Adds multi-gpu training pipeline

Mayankm96 · Mayankm96 · commit b8e362bc5970 · 2025-03-26T08:39:49.000Z
Approved-by: Clemens Schwarke
diff --git a/rsl_rl/algorithms/distillation.py b/rsl_rl/algorithms/distillation.py
@@ -4,6 +4,7 @@
 # SPDX-License-Identifier: BSD-3-Clause
 
 # torch
+import torch
 import torch.nn as nn
 import torch.optim as optim
 
@@ -26,23 +27,34 @@ def __init__(
         learning_rate=1e-3,
         loss_type="mse",
         device="cpu",
+        # Distributed training parameters
+        multi_gpu_cfg: dict | None = None,
     ):
+        # device-related parameters
         self.device = device
-        self.learning_rate = learning_rate
+        self.is_multi_gpu = multi_gpu_cfg is not None
+        # Multi-GPU parameters
+        if multi_gpu_cfg is not None:
+            self.gpu_global_rank = multi_gpu_cfg["global_rank"]

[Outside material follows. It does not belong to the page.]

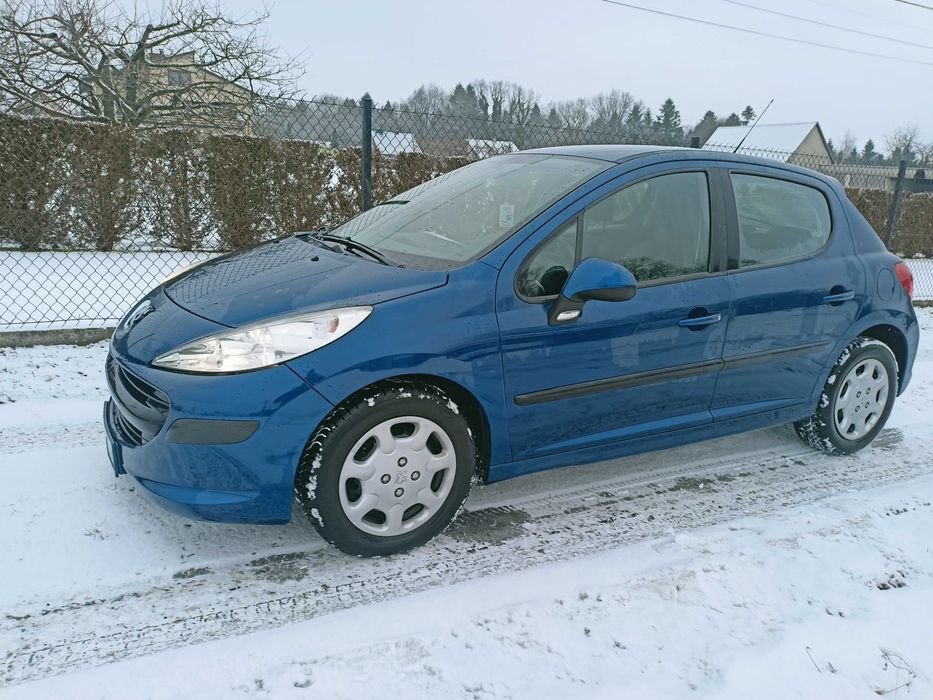 Śliczny Peugeot 207-1,4 BENZYNA -SILNIK ZWYKŁY nie VTI -IGŁA-175 TYSKM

+            self.gpu_world_size = multi_gpu_cfg["world_size"]
+        else:
+            self.gpu_global_rank = 0
+            self.gpu_world_size = 1
 
         self.rnd = None  # TODO: remove when runner has a proper base class
 
         # distillation components
         self.policy = policy
         self.policy.to(self.device)
         self.storage = None  # initialized later
-        self.optimizer = optim.Adam(self.policy.student.parameters(), lr=self.learning_rate)
+        self.optimizer = optim.Adam(self.policy.student.parameters(), lr=learning_rate)
         self.transition = RolloutStorage.Transition()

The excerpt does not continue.